You may by now have seen the image below knocking around on Twitter and other social medias, in which a maths question appears to be almost a parody of itself:
The text reads:
An orchestra of 120 players takes 40 minutes to play Beethoven’s 9th Symphony. How long would it take for 60 players to play the Symphony? Let P be the number of players and T the time playing.
Well, once you’re done laughing, we’ve done some investigative journalism and found the origin of this question. And it turns out it’s quite nice!
I wrote this!! How did you get this??? I am a maths teacher in Nottingham UK. Wrote this 10 years ago. Here is the original whole worksheet pic.twitter.com/jYX55GSBKz
— Claire Longmoor #FBPE (@LongmoorClaire) October 11, 2017
The question is from a worksheet developed by maths teacher Claire Longmoor (who is, based on current evidence, brilliant) ten years ago.
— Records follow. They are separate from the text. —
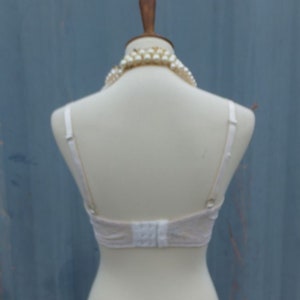 K&ouml;nnte beinhalten: Wei&szlig;er Spitzen-BH mit verstellbaren Tr&auml;gern und Haken- und &Ouml;senverschluss im R&uuml;cken. Der BH befindet sich auf einer wei&szlig;en Schaufensterpuppe mit einer Perlenkette.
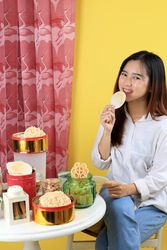 Young Woman Eating Traditional Snack Popular for Eid Al Fitr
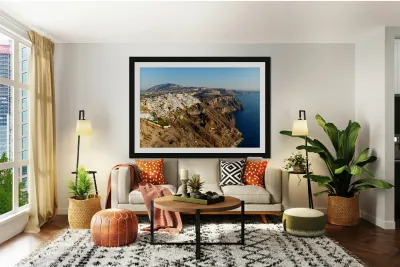 Santorinis white buildings on caldera cliffs above the sea. Reproduction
Claire put together a selection of example questions with relationships in direct and inverse proportion, and deliberately included the orchestra question as an example of something where it doesn’t work that way. It’s a nice activity to help reinforce the difference, and in context the question works nicely.
Other examples on the sheet include a bricklaying example with creditably diverse gender representation, a car with terrifyingly low fuel efficiency, good cow names and a delightful insight into the bygone world of fruit picking.